DIRECTIONS FOR THIS TASK
Repeat the listing below exactly. Pictures do not belong in the copy.

INPUT DATA
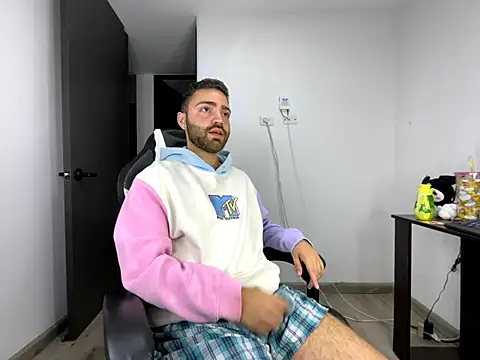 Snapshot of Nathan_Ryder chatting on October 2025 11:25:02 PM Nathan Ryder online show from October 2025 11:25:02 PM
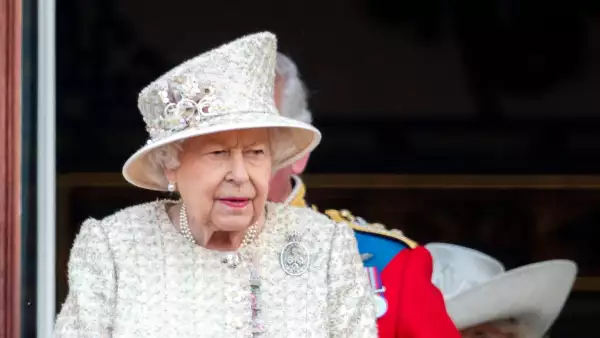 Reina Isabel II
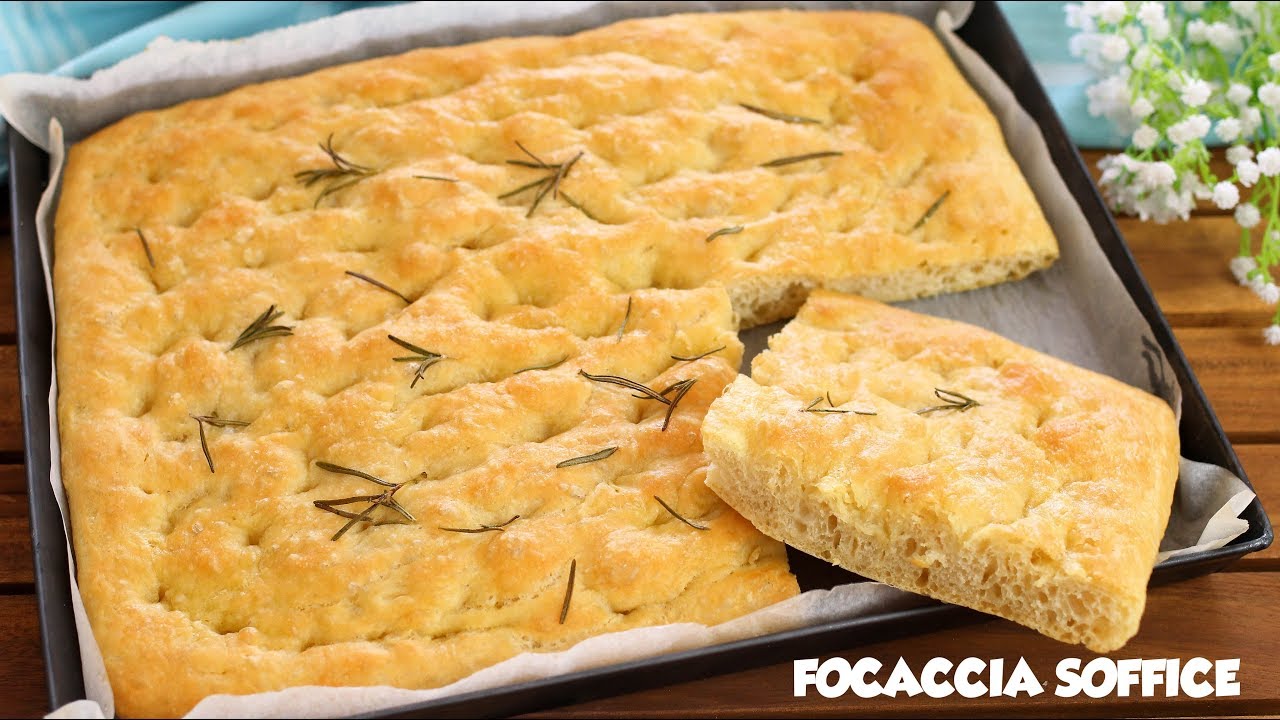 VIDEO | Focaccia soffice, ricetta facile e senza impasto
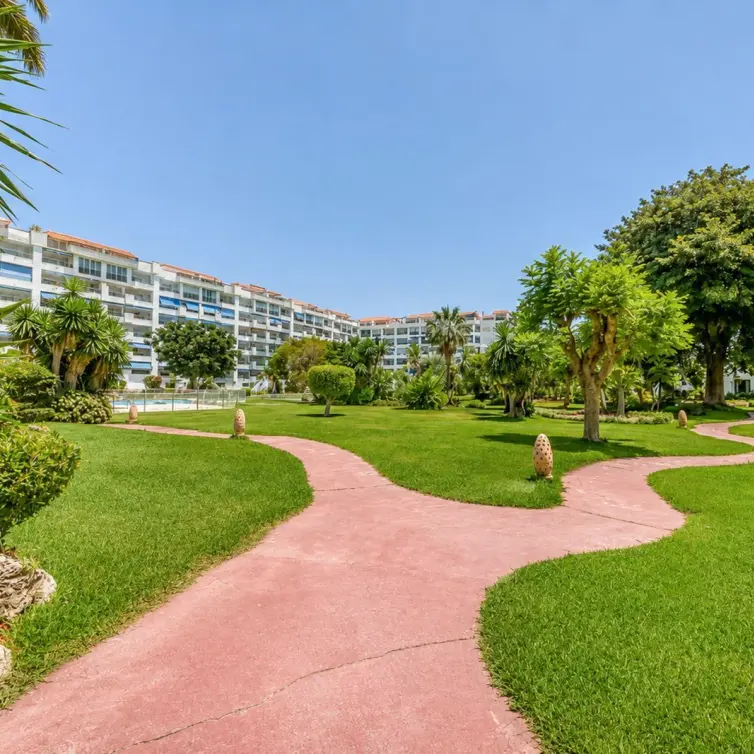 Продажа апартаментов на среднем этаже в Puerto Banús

REPLY TO THE EXERCISE
 Snapshot of Nathan_Ryder chatting on October 2025 11:25:02 PM Nathan Ryder online show from October 2025 11:25:02 PM
 Reina Isabel II
 VIDEO | Focaccia soffice, ricetta facile e senza impasto
 Продажа апартаментов на среднем этаже в Puerto Banús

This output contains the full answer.